Pamiętam, jak 10 lat temu byłam w niezapomnianej podróży na Mauritiusie i po raz pierwszy w życiu zobaczyłam, jak rośnie ananas. Byłam pewna, że rośnie na drzewie (jak kokos, czy banan). Nie zastanawiałam się nigdy nad tym, ale wydaje mi się, że miałam przekonanie, że są palmy ananasowe, na których właśnie rosną te owoce…

Cóż, całe życie człowiek się uczy, a podróże kształcą. Dlatego tak bardzo je uwielbiam i nie wyobrażam sobie nie poznawać, nie doświadczać i nie smakować świata. A wy wiecie, jak rośnie ananas? 🙂

Ale dziś nie o samej uprawie ananasa, tylko o jego właściwościach dietetycznych i oczyszczających!
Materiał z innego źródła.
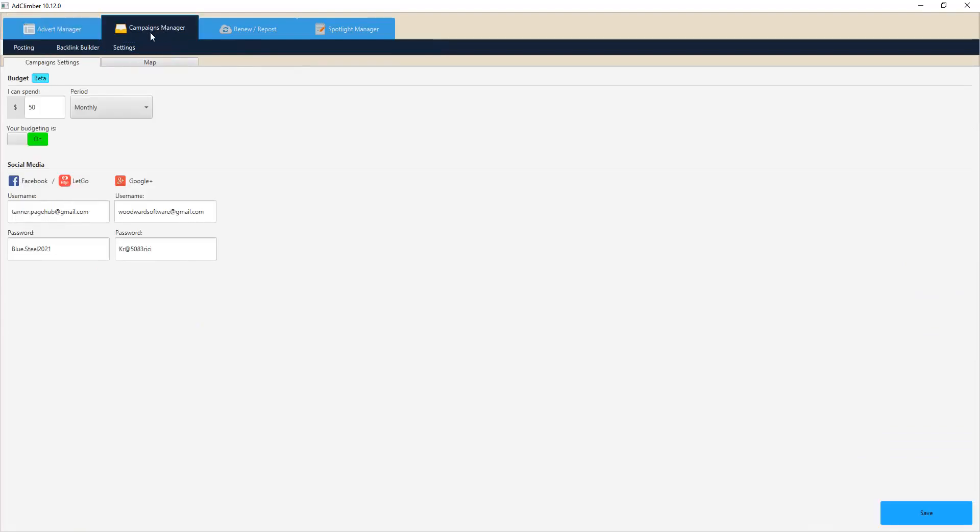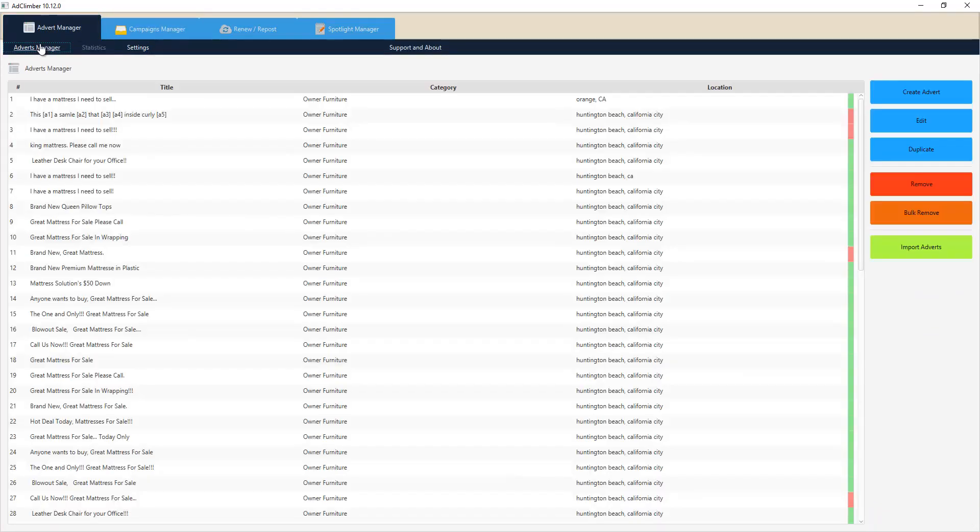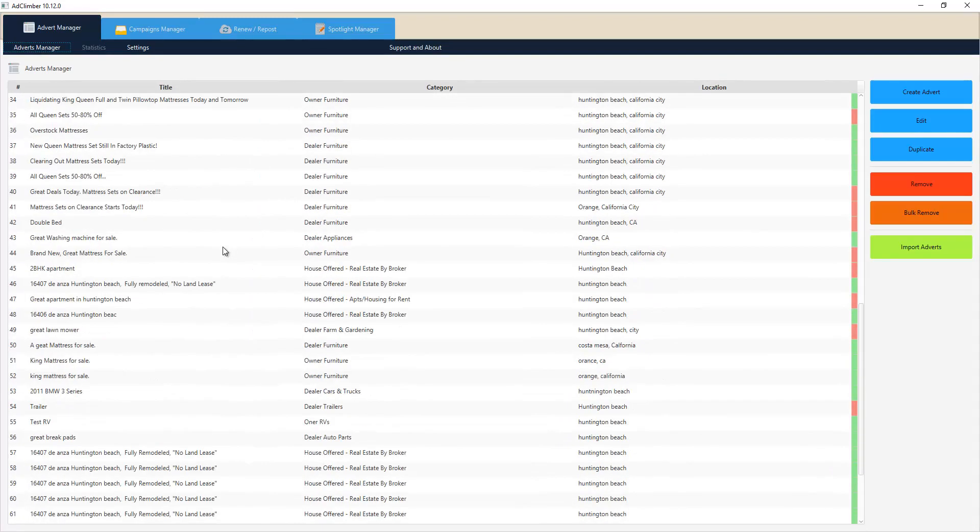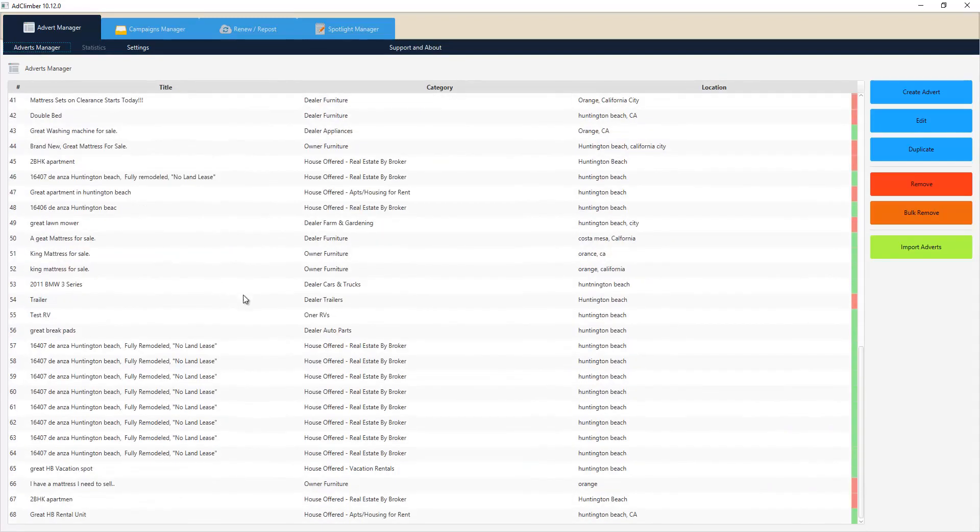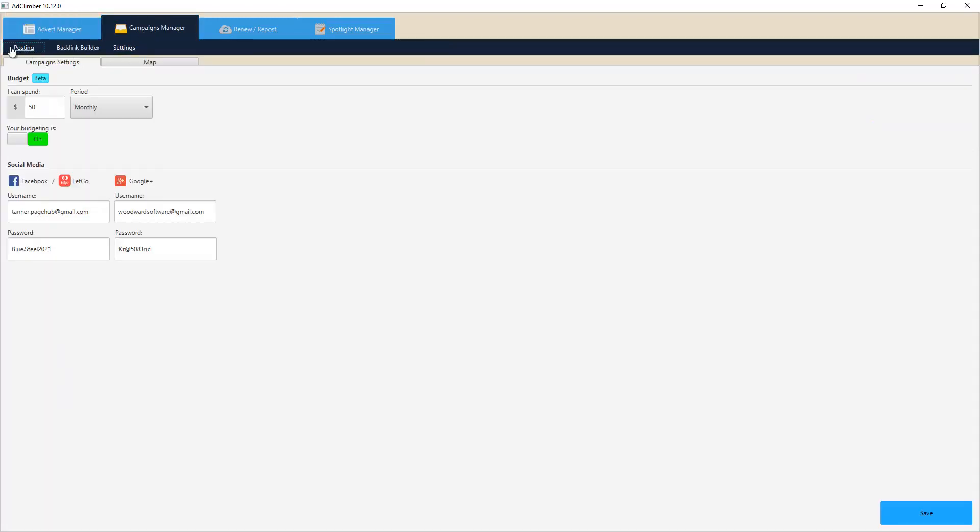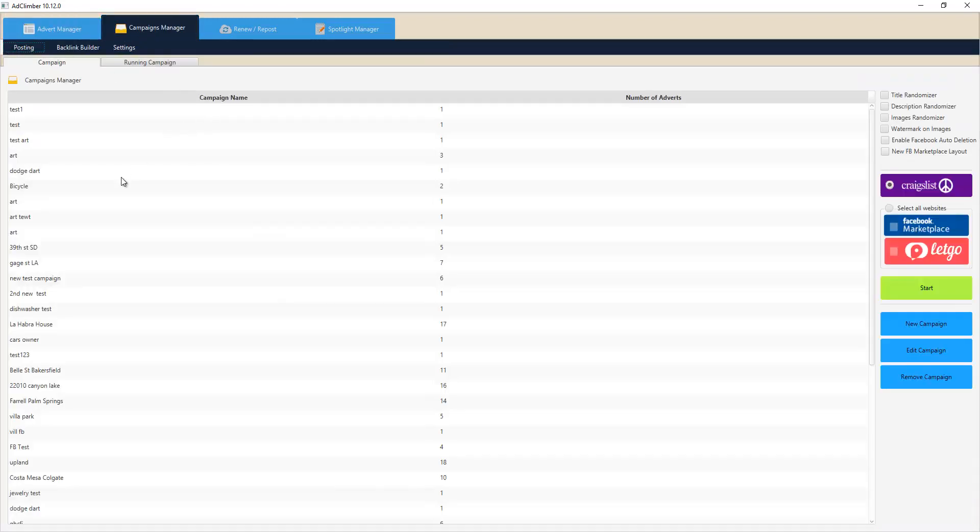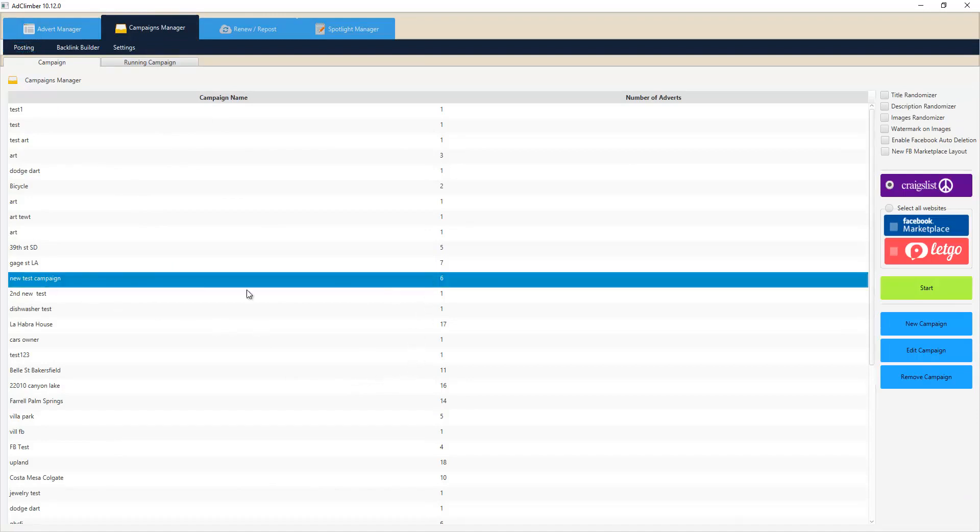Something really great about what we're doing inside of AdClimber for Craigslist is we're allowing multiple accounts to be used in the process of one campaign. So you can simply select a campaign from your campaign manager - let's say it's a campaign of six ads right here.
Mowa oczywiście tylko o świeżych owocach (nie tych w zalewie cukrowej z puszki).

Dlaczego warto jeść ananasy?

Ananas stał się bardzo popularnym składnikiem wielu środków wspomagających odchudzanie, dlatego, że zawiera enzym wspomagający trawienie – bromelinę.
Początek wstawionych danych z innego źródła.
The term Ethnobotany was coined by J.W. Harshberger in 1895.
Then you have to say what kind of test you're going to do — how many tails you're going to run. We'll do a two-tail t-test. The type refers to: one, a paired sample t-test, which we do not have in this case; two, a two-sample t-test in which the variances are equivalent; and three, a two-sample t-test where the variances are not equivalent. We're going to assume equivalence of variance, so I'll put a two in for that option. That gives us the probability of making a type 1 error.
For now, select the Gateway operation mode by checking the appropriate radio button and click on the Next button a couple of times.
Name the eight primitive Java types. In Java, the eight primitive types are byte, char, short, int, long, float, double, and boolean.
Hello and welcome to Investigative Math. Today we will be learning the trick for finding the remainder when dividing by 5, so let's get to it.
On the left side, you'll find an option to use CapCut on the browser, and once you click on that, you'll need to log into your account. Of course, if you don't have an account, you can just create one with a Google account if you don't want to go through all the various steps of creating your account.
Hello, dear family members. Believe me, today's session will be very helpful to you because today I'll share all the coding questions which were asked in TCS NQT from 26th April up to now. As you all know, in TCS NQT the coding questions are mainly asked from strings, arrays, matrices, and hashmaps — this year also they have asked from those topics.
Co więcej, zawarty w ananasie błonnik pęcznieje w przewodzie pokarmowym i wywołuje uczucie sytości. Wspomaga również pracę przewodu pokarmowego i chroni przed zaparciami. Działa pomocniczo przy chorobach wieńcowych, zapaleniach żył, na zapalenia przeciw zakrzepowe.

Bromelina jest częstym składnikiem suplementów i odżywek dla sportowców, ponieważ poza tym, że zwiększa strawność białek i rozbija je szybciej do aminokwasów, to działa przeciwzapalnie i przeciwobrzękowo. Polecana jest w przypadku diet wysokobiałkowych.
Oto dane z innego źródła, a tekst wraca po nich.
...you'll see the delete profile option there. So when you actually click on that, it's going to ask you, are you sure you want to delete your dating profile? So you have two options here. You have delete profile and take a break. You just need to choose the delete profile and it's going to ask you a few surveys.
Co ciekawe jest w stanie rozłożyć tysiąckrotnie więcej protein niż sama waży! Dlatego dobrze zjeść po posiłku plaster ananasa.

Ananas nie dla wszystkich

Ananas, mimo swoich niewątpliwych zalet, nie jest polecany wszystkim (jak wszystko :-), ale warto wspomnieć o niektórych przeciwskazaniach, są nimi np.

  • choroby dwunastnicy, wątroby i nerek, wrzody, nadciśnie i nadkwaśność soku żołądkowego;
  • bromelaina zawarta w ananasach może również wpływać na działanie niektórych leków – zwłaszcza antybiotyków, leków przeciwzakrzepowych, uspokajających, antydepresyjnych.

Dlatego chorując na choroby układu pokarmowego, choroby dietozależne, czy przyjmując specjalistyczne leki, porozmawiaj z lekarzem prowadzącym o przeciwwskazaniach, czytaj ulotki i przede wszystkim medykamenty zawsze popijaj wodą (nie sokiem, mlekiem, herbatą, czy innymi napojami słodzonymi czy wyskokowymi).